The trial court subsequently denied the request for restitution, concluding that any loss sustained by the county had not been "caused by [appellee's] criminal activities" but, rather, that "the more persuasive evidence is [that] the [c]ounty did not take advantage of traditionally accepted measures to get the highest bid on resale. If it had done so, the evidence indicates it very likely could have made a profit, perhaps a substantial one, on the conveyance." This appeal follows.

For purposes of restitution, the burden rests with the state to prove the amount of the victim's loss by the greater weight of the evidence. § 775.089(7), Fla. Stat. (2007); Koile v. State, 902 So.2d 822, 824 (Fla. 5th DCA 2005). Moreover, "[r]estitution must be proved by substantial competent evidence." Koile, 902 So.2d at 824 (citations omitted). Finally, as a general matter, the standard of review for a restitution order is abuse of discretion. Johnson v. State, 942 So.2d 415, 416 (Fla. 2d DCA 2006).
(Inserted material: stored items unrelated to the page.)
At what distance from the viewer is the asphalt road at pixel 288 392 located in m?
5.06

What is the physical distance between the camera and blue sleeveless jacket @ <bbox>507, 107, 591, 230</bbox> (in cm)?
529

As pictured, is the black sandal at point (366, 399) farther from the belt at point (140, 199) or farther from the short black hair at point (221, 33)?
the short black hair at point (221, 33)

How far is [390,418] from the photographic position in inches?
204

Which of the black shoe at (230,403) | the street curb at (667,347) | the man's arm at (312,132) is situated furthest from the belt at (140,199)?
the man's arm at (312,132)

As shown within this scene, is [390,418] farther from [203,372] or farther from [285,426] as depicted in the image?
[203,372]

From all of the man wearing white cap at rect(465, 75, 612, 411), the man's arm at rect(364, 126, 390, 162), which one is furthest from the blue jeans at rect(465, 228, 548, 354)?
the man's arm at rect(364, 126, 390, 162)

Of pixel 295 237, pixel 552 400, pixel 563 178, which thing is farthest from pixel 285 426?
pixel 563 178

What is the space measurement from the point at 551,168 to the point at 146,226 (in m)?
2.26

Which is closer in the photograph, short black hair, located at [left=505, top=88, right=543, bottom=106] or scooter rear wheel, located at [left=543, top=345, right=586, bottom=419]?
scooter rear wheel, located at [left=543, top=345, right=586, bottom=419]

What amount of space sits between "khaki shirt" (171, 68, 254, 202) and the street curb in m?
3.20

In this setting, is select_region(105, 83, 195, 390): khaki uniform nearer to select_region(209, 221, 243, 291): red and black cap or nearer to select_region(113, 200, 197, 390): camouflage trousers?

It is apparent from the transcript of the hearing that the trial court listened closely to the testimony. It is, likewise, apparent that the trial court's order was based upon its conclusion that the state had failed to prove that the county had lost any amount because of appellee's crimes. This conclusion is equally clearly based on the trial court's implicit finding of fact that appellee's appraiser's testimony regarding the value of the property was more persuasive, and that, based upon that testimony, the county had not lost anything on account of appellee's crimes. Rather, it is clear that the trial court concluded, again based on that testimony, that the county's loss was attributable to poor business judgment. Our reading of the transcript satisfies us that the trial court's factual findings are amply supported by the evidence. Such being the case, the trial court's holding cannot possibly constitute an abuse of discretion. See Trease v. State, 768 So.2d 1050, 1053 n. 2 (Fla.2000) (quoting Huff v. State, 569 So.2d 1247, 1249 (Fla.1990), for the proposition that "[d]iscretion is abused only `when the judicial action is arbitrary, fanciful, or unreasonable, which is another way of saying that discretion is abused only where no reasonable [person] would take the view adopted by the trial court'"). Accordingly, we affirm.

AFFIRMED.

PADOVANO, J., concurs; HAWKES, J., dissents with written opinion.

HAWKES, J., Dissenting.

I believe the majority mischaracterizes both the State's argument and the trial court's order. Accordingly, I must dissent.

The State made two arguments on appeal. Contrary to the majority's assertion, both were issues of law, and neither is addressed by the majority opinion.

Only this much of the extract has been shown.